The EastSide Cultural Center builds our power at the local level by bringing poor and working-class communities together to imagine and fight for the neighbor hoods we all deserve. We all want to live in neighborhoods where folks are looking out for each other, where there are places for young and old people to share stories, places that are healthy and resilient. Grassroots community cultural centers are critical to that vision, and it is our work at EastSide to keep these spaces alive. Cultural work is important right now as we all look for ways to stay connected and imagine a better world. We do not intend to go back to “business as usual”. Cultural spaces are where we envision and actualize a world that does not focus on racism and greed but instead focuses on self-de termination and freedom.
We know there are many folks out there who love and appreciate the work we do. We are forever grateful for that support. We need every one of you to show your support by giving a donation today. Funds received from individual donors are what keeps our center going, in a time when culture is critical to building the world we want to live in.
Will you be one of the hundred people in our community that we need to sign up as Roots Supporters? Our Roots Supporters give a set amount each month – this can be $10 or $100 – whatever you are able to contribute*. Roots Supporters provide a known source of funding at a time when resources are hard to come by, allowing us to plan ahead in uncertain times and continue offering year-round programming. Please consider signing up as a monthly donor today, to sustain what makes our community vibrant and resilient.
Cultural spaces are critical for developing and deepening relationships between neighbors - and right now our interdependence is life or death.
With you beside us, we are committed to working in the San Antonio and other Oakland neighborhoods to support a creative environment and to advocate for progressive, systemic social change. Now in our third year together with community partners such as The East Oakland Collective, East Oakland Building Healthy Communities, Dellums Institute for Social Justice, and Allen Temple Baptist Church, we are of creating a Black Cultural Zone to secure a foothold in East Oakland that will support thriving neighborhoods. Importantly, our ongoing programming includes:
• LAIR (Live Arts in Resistance), a multidisciplinary performing arts project where artists and audience members engage in meaningful dialogue about innovative ideas and experimental work, while redefining aesthetics and ethics that will decolonize our minds,
• CARP (Community Archival Resource Project), a permanent collection of Third World archival materials of audio, video, print, and digital documentation which partners with Bandung Books, a recently opened onsite community bookstore & cultural literacy center accessible five days weekly,
• EastSide Galleries which host local and national photographers and visual artists, as well as archival footage including posters, broad sides, books, buttons, poetry, vinyl, and other items that speak to Third World cultural movements,
• Neighborhood Arts programming which hosts community artmaking workshops and produces inspiring murals on timely topics and community concerns in addition to First Fridays film & discussion groups, Holla Back poetry reading, SUYA contemporary African cultural events, Girls Project for neighborhood teen girls, Beats & Flow digital music making, and
• Annual Traditions such as Dia de los Muertos, Holiday Art and Book Sale, the Malcolm X Jazz Arts Festival (currently in it’s 19th year!) and the Xicana Power Block Party, all co-produced with community organizations.

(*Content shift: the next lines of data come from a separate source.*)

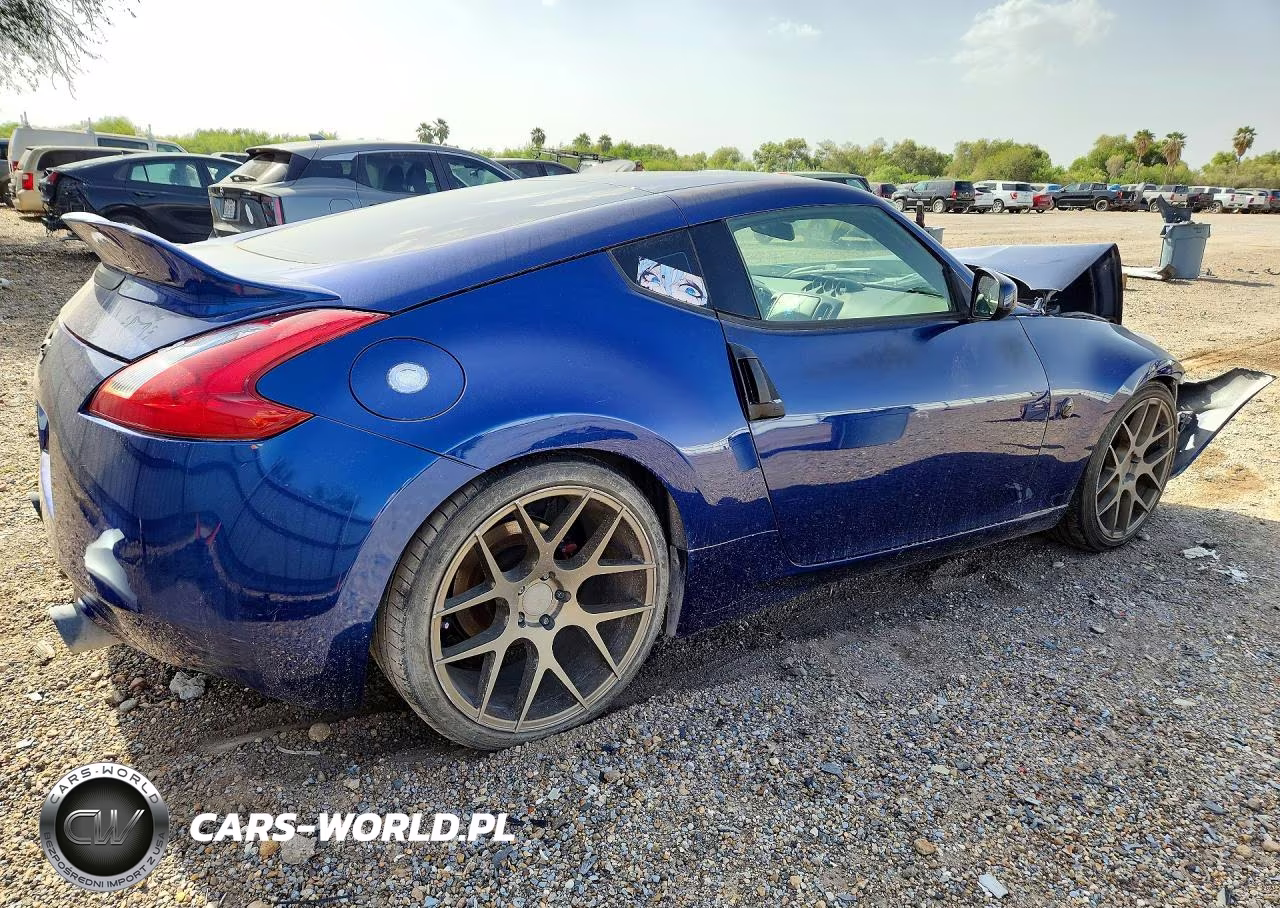 2017 Nissan 370Z Base VIN:JN1AZ4EH3HM950957 - 3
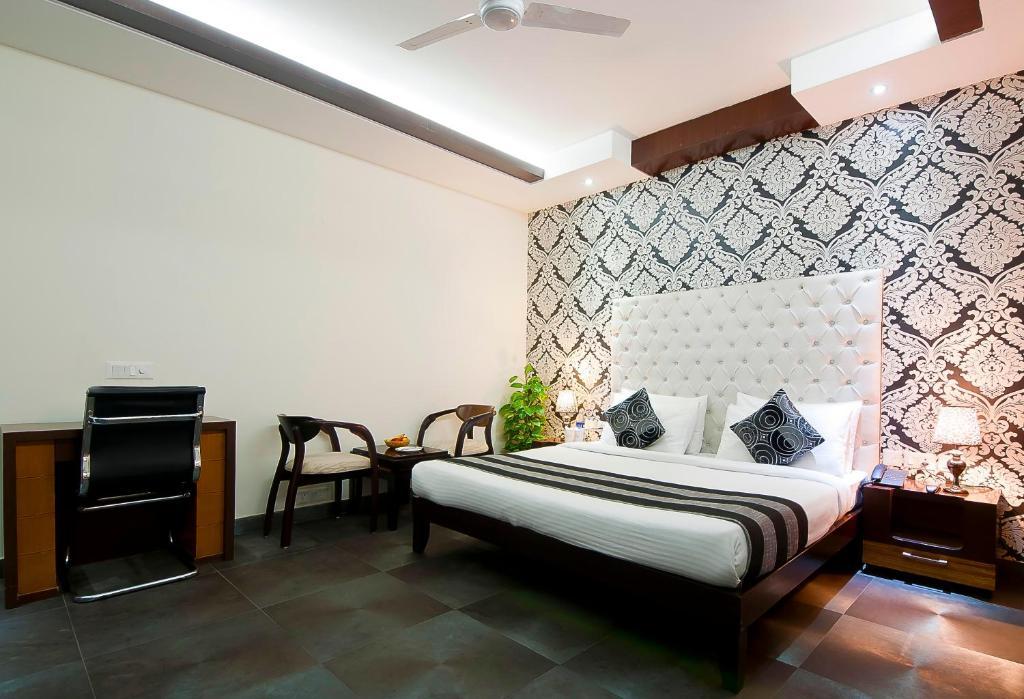 Royal Residence On Golf Course Road Gurgaon Exterior photo
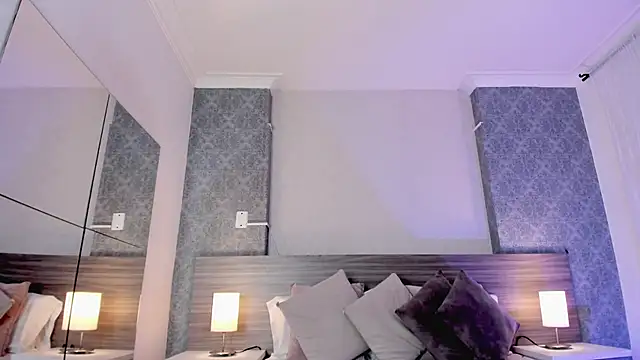 Snapshot of MiilaBlake chatting on November 13, 2025, 8:08 pm MiilaBlake online show from November 13, 2025, 8:08 pm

We are asking for your financial support.
Your contribution, of any size, will help further our work, support strategic approaches to community building, and provide opportunities for purposeful community transformation. Donate TODAY!
Thank you for your generous support.
In solidarity,
The EastSide Arts Alliance Collective
* For monthly gifts of $40 and up you will receive a special surprise box of ESAA vintage swag - t-shirts, posters, books, stickers.
• PO Box 17008 • Oakland, CA 94601 •
P.S. EastSide Arts Alliance is a 501(c)(3) non-profit under federal tax ID# 74-3073621.
EastSide Arts Alliance uses arts and culture as a way to build community power and self-determination. We have been serving our neighborhood for over 20 years. We now have a third generation coming to our cultural center. We are dedicated to building deep connections between and among working class & low-income communities of color, communities whose histories, stories and cultures are actively erased from mainstream narratives. Through year-round programming at our cultural center and other public spaces in East Oakland, EastSide provides an example of how progressive artwork and the growing traditions of cultural offerings offers a creative framework for community solidarity and inclusivity.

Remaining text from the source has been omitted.